See the organisation how the customer sees it

Measuring Business Excellence

ISSN: 1368-3047

Article publication date: 1 March 2001

316

Citation

(2001), "See the organisation how the customer sees it", Measuring Business Excellence, Vol. 5 No. 1. https://doi.org/10.1108/mbe.2001.26705aaa.003

Publisher

:

Emerald Group Publishing Limited

Copyright © 2001, MCB UP Limited


See the organisation how the customer sees it

Customers don't read internal policy manuals, or attend training courses. They don't know how much the organisation is investing in quality improvement consultancy. They don't read the mission statement or hear the chairman's Christmas message to the staff. They don't (usually) see posters on office walls with messages about zero defects or that the customer is king. They don't get invited to internal quality awards, or read the company newsletter.

Customers usually see the organisation at the end of the product or service they buy, when they receive a bill, when they telephone for some information or to chase a missing order. They see the adverts you place, the letters you write, the envelopes you mail them in. These places where customers and the organisation touch were called "moments of truth" by Scandinavian Air Services boss Jan Carlzon (1989). If you get nothing else right, says Carlzon, get your moments of truth right. They are how the customer really perceives your organisation – and really, therefore, govern whether you are a "quality" organisation. Carlzon defines a moment of truth as that moment when an employee has a choice, and depending on that choice the customer will be either delighted or disgusted with the service. Quality is a created state – in a service transaction it only exists if the receiver feels it. You aren't a quality organisation if you say you are – you are if someone else says you are.

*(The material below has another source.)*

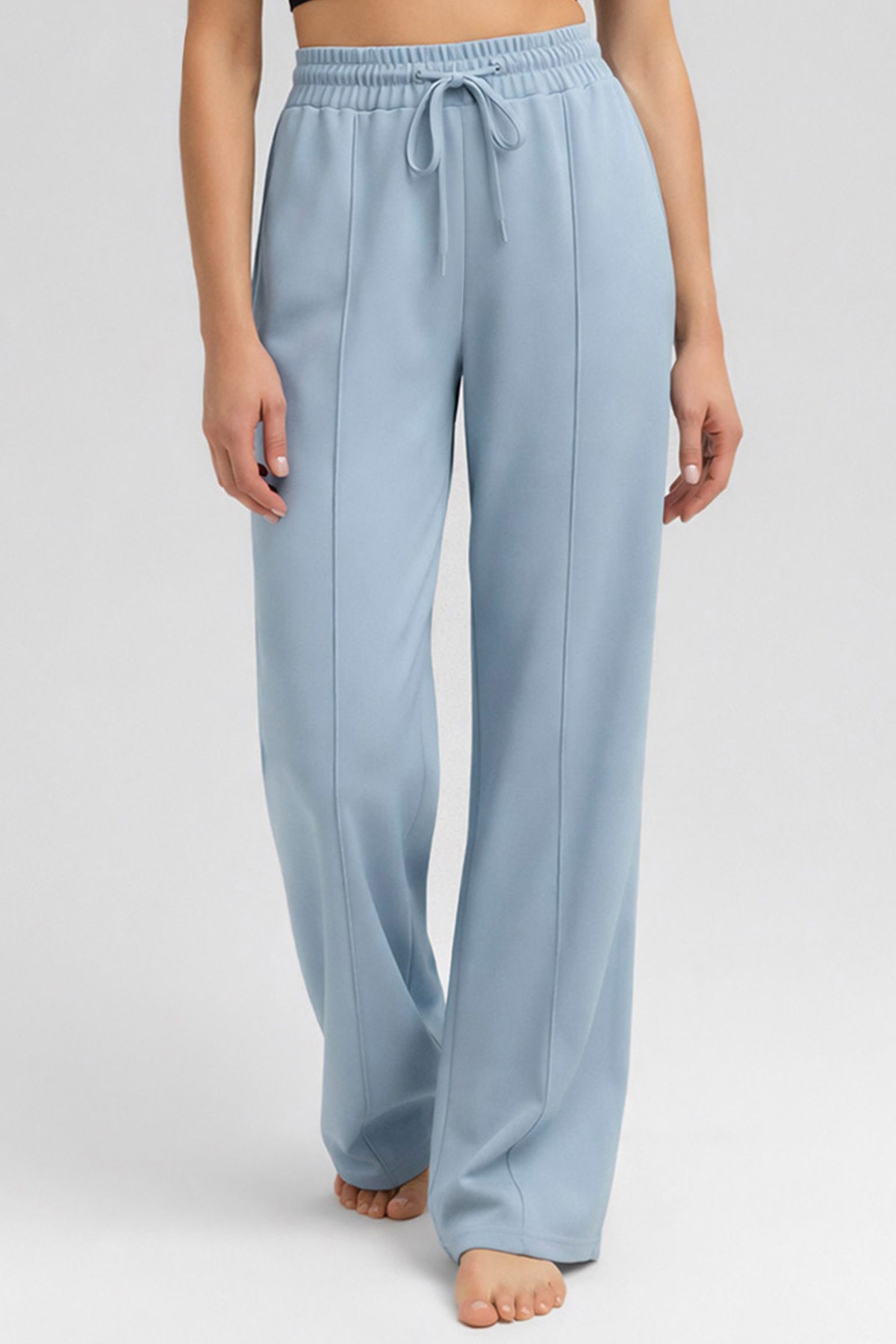 Mısırlı Kadın Modal Önü Dikişli Düz Paça Pantolon Mavi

The quality manager should aim to step outside of his or her knowledge of the organisation and see it as the customer sees it, testing out any likely scenario (complaint, repeat purchase, first time purchase, change of address, asking for help, leaving messages, etc). A quality organisation is one which is designed to make transactions with it easy and pleasurable. If things go wrong, which they will, it should be designed to put them right easily and pleasurably. If it is not, the design has to be changed if at all possible. No amount of customer service training is going to put it right.

Automated telephone systems are a fine example in many cases of services designed without moments of truth in mind. Because everyone connected with the organization knows how to use the "cheats" and shortcuts (Press *23 and you get to speak to the switchboard) no-one gets to experience the tedium of toiling through the system like customers do. Whatever they are about, it is little to do with service quality as customers see it.

The customer's experience of quality is one involving all the organisation. That means, it involves all the departments and functions of the organisation. If a customer's main ways of touching the organisation include seeing its promotional materials and receiving its bills, where are the briefings for quality managers on how to sell the message to marketing, sales and finance managers? What does service quality mean for an accounts clerk? Or should we miss that part out because it's too hard?

Reference

Carlzon, J. (1989), Moments of Truth, Reprint edition, February, HarperCollins, New York, NY.